Researchers Identify Players With Brain Injuries Who Were Not Diagnosed With Concussions
Oct. 12, 2010 -- A small study of high school football players suggests that players who endure multiple impacts to the head may experience brain impairment, even in the absence of a diagnosed concussion.
Researchers led by Thomas Talavage, PhD, of Purdue University in West Lafayette, Ind., and colleagues identified 11 male high school football players, ages 15 to 19, who were either diagnosed by a doctor as having a concussion, withstood a high number of hits to the head during practice or games, or withstood an unusually hard impact. Among those 11 players, three were diagnosed with concussions during football season, and eight had no documented concussions.
The players wore the appropriate safety gear throughout the season, including helmets equipped with sensors so that the researchers could record and analyze impact data. The impact data were then compared with brain-imaging scans and cognitive tests performed by each player before, during, and after football season. Talavage and his team also video-recorded the athletes while they played on the field.
Four of the eight players who appeared to be uninjured, meaning they did not have a diagnosed concussion, showed significant changes in brain function, such as memory. These players had endured multiple hits to the top front of the head, near the dorsolateral prefrontal cortex. This is an area of the brain critical for planning and organization. The three players who were diagnosed with concussions also showed changes in brain function and memory.
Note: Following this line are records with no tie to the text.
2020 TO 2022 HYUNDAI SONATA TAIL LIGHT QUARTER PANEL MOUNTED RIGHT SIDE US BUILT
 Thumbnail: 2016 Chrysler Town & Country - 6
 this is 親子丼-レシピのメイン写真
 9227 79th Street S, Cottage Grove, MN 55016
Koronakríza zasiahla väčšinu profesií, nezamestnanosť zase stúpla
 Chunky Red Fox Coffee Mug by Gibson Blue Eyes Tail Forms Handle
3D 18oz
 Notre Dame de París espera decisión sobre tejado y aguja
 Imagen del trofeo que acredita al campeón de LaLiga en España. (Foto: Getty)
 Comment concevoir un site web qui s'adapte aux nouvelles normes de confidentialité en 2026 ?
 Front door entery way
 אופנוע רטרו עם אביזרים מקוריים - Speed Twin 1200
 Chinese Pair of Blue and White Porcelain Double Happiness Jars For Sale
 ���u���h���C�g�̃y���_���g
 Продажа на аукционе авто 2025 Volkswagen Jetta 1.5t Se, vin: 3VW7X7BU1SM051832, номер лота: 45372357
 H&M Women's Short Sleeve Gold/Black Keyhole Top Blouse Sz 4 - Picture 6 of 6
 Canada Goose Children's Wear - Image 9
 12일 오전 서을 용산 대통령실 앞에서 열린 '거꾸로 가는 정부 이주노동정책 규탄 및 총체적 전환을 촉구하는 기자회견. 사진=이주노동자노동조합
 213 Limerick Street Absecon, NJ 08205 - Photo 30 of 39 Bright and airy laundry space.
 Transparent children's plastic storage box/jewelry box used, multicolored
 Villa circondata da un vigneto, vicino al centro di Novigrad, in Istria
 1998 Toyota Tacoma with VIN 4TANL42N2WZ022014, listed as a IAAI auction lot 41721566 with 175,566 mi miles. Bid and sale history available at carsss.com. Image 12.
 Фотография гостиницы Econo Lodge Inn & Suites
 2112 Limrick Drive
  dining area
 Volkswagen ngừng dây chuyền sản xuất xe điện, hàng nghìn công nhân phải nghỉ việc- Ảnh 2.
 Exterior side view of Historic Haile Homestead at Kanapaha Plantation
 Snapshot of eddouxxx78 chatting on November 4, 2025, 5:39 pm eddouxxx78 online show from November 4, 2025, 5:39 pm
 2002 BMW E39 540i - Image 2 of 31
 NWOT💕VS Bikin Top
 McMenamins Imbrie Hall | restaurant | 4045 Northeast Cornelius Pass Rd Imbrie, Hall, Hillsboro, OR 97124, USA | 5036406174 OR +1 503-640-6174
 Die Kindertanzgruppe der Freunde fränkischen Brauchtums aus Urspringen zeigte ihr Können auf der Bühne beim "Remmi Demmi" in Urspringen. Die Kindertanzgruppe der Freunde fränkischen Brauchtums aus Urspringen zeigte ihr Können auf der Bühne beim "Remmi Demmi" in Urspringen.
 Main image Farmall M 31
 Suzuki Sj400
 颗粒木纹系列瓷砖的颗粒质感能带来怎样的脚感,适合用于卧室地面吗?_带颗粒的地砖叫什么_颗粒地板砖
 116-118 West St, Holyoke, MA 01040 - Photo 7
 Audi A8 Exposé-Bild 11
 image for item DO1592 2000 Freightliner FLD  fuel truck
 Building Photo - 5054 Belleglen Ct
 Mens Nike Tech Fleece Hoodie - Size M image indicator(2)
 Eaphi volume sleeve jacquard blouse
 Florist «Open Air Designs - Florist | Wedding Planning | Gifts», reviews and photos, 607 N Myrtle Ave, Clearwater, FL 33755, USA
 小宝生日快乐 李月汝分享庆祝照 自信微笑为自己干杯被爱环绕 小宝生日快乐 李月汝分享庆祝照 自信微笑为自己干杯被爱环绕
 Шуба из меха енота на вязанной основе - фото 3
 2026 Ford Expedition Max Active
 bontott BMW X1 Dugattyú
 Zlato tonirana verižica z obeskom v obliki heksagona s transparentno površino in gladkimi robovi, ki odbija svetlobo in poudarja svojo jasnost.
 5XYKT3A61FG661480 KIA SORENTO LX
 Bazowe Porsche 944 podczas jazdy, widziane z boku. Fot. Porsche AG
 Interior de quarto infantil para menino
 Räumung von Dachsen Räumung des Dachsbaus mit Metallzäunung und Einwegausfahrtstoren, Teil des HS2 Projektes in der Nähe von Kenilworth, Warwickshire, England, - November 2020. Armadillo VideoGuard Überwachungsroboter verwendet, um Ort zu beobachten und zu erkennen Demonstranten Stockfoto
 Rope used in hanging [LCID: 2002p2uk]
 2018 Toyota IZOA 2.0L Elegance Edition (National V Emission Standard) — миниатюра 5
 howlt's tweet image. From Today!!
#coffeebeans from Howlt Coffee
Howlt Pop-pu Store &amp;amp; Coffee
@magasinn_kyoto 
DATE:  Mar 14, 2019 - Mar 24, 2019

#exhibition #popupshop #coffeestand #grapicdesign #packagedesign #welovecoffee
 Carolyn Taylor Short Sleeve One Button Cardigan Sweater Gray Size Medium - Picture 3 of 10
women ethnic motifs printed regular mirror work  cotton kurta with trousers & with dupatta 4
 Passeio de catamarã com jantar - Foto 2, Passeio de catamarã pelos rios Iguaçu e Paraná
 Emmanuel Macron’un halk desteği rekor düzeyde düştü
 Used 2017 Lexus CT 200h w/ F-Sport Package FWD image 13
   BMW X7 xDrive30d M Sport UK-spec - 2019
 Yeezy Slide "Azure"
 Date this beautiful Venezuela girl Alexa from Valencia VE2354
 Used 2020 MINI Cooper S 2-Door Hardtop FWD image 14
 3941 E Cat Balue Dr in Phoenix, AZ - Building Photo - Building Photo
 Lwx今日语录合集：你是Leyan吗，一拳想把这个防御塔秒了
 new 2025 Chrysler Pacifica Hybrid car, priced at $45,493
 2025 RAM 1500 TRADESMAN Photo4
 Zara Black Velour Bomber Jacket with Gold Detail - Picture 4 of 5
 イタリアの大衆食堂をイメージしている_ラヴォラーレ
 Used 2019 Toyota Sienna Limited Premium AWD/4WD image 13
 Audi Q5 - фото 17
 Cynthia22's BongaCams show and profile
The researchers found that these changes in cognitive function persisted at the end of the season. According to Talavage, new preliminary data show that the players might recover before the start of the next season, but additional research is need to determine the extent of recovery.
The findings are published online in the Journal of Neurotrauma.
How Brain Damage Occurs
"Our key finding is a previously undiscovered category of cognitive impairment," says Talavage, associate professor of biomedical engineering and electrical and computer engineering and co-director of the Purdue MRI Facility.
When a person is hit in the head, the brain bounces back and forth in the skull, the researchers explain, which can lead to damaged brain cells and even damage to surrounding tissue. Such an impact can break nerve fibers called axons or connective cell tissue called synapses. This, in turn, could interfere with proper brain cell signaling.